Carbon-incorporated NaTi2(PO4)3 on carbon cloth as a binder-free anode material for high-performance aqueous sodium-ion hybrid capacitors

NaTi₂(PO₄)₃, as one of sodium superionic conductor (NASICON)-type anode materials, has been extensively concerned by researchers in Na-storage technologies due to their unique three-dimensional structure for Na⁺ insertion/deinsertion. However, the low conductivity of NaTi₂(PO₄)₃ seriously hinders its electrochemical kinetics, which has been a major obstacle to further application.
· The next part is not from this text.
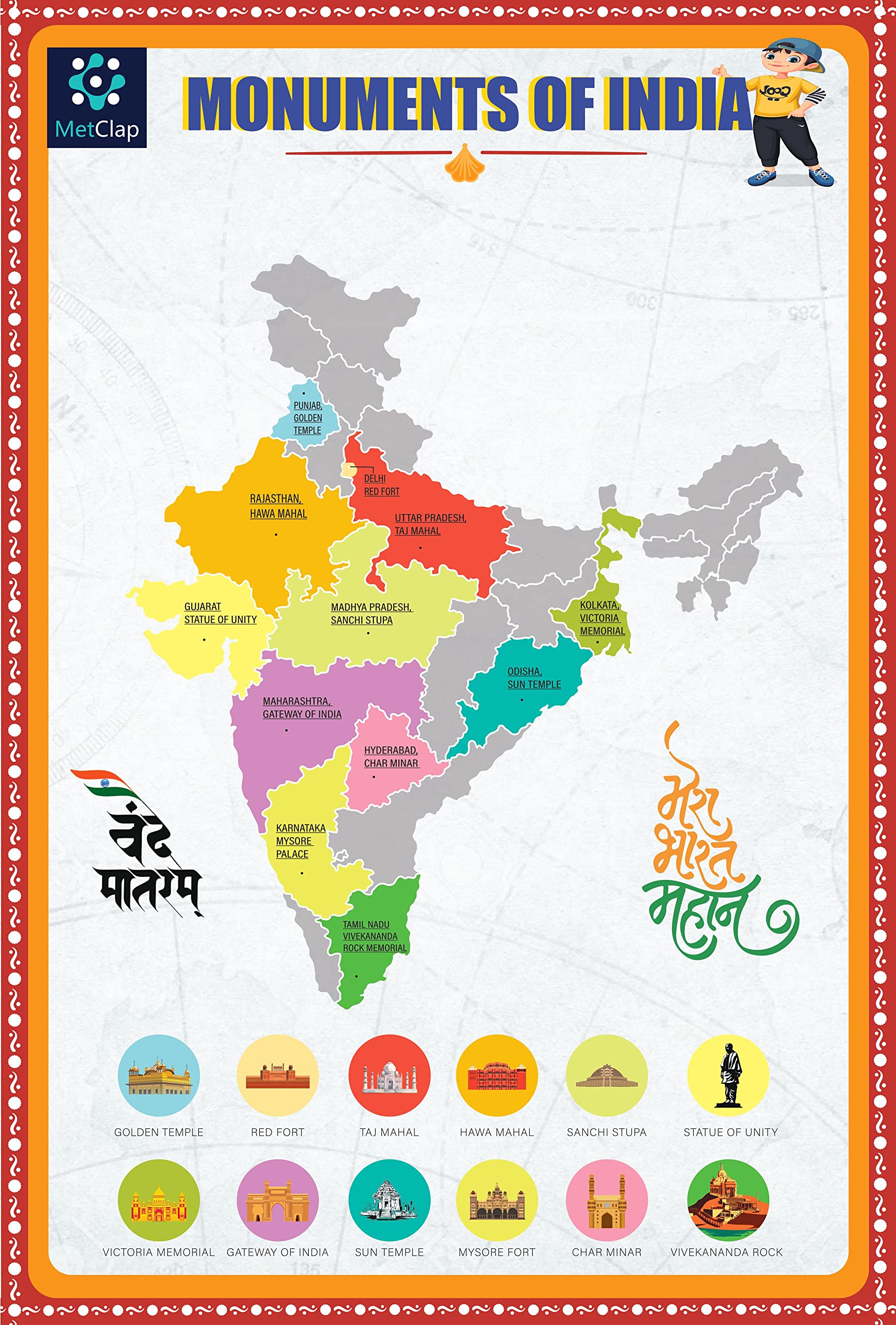 Metclap Monuments of India Chart for Kids β Educational Wall Poster Featuring Famous Indian Monuments | Early Learning Chart for Toddlers & Preschool | India Heritage Chart for Home & School Use
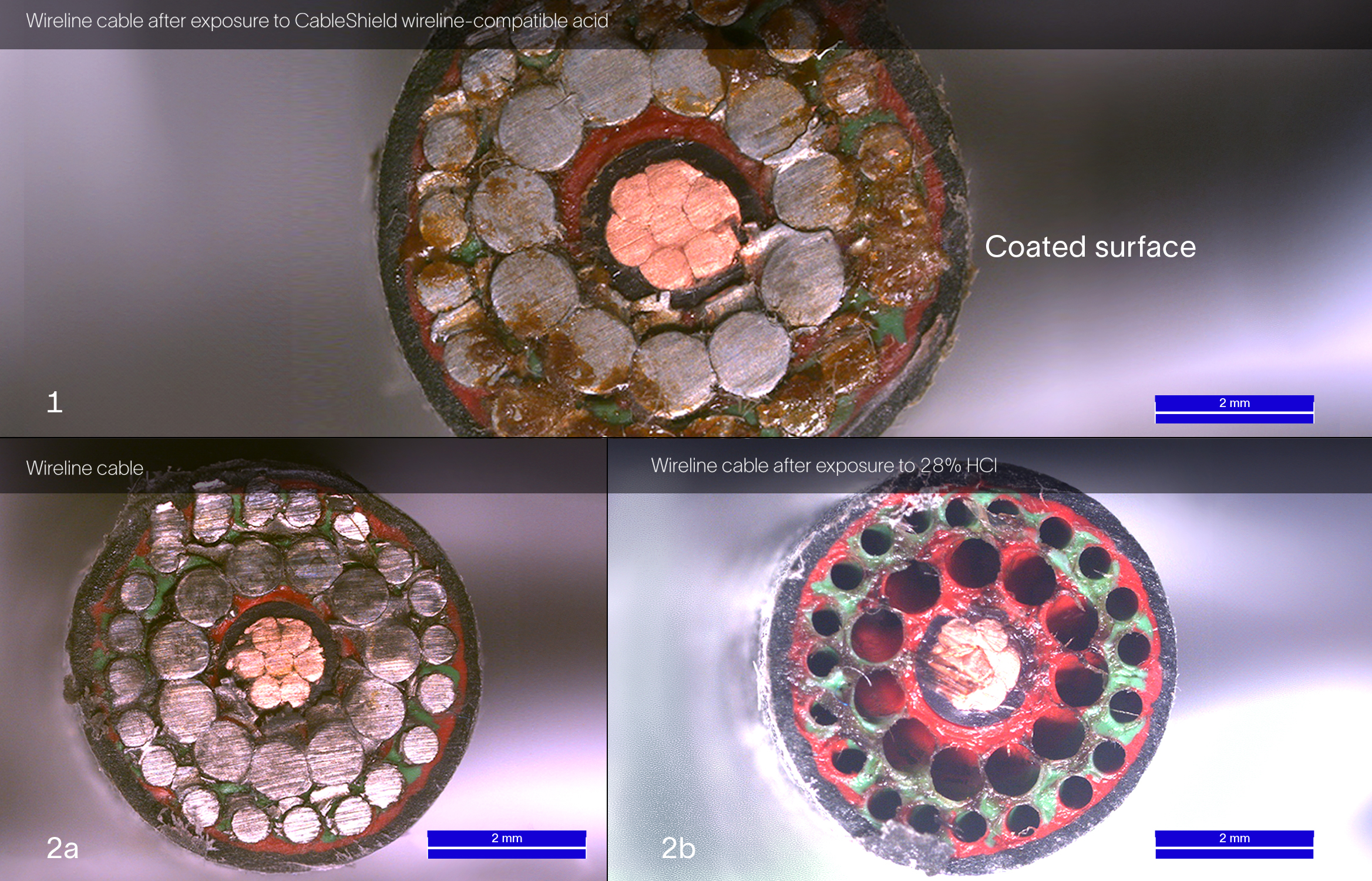 Photos compare wireline, HCl-corroded wireline, and intact CableShield acid-treated wireline.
Herein, a facile strategy is proposed to synthesize carbon-incorporated NaTi₂(PO₄)₃ nanoparticles on carbon cloth (NTP/C@CC) as a binder-free anode for aqueous sodium-ion hybrid capacitors (SIHCs). The amorphous carbon as a continuous conductive network can improve the electronic conductivity and restrict the particle growth of NaTi₂(PO₄)₃. The small-sized NaTi₂(PO₄)₃ nanoparticles embedded in the carbon network could increase the electrolyte/electrode interfacial area and shorten the Na⁺ transport path, resulting in increased electrochemical performance. Meanwhile, the carbon matrix can buffer the volume expansion during cycling and stabilize the structure of active materials. Consequently, the NTP/C@CC anode possesses a high specific capacity (0.416 mAh cm^− 2 at 2 mA cm^− 2), considerable rate capability (0.172 mAh cm^− 2 at 30 mA cm^− 2, 41.3% capacitance retention), and good long-term stability (83.2% capacitance retention after 5000 cycles at 30 mA cm^− 2). In addition, an assembled SIHC device with P-doped porous carbon cloth (PPCC) as the cathode shows a capacity of 0.205 mAh cm^− 2. The SIHC cell also acquires a superior energy density of 2.82 mWh cm^− 3 and 81.5% capacity retention over 5000 cycles. This work may offer a viable way for constructing binder-free electrode materials for hybrid capacitors.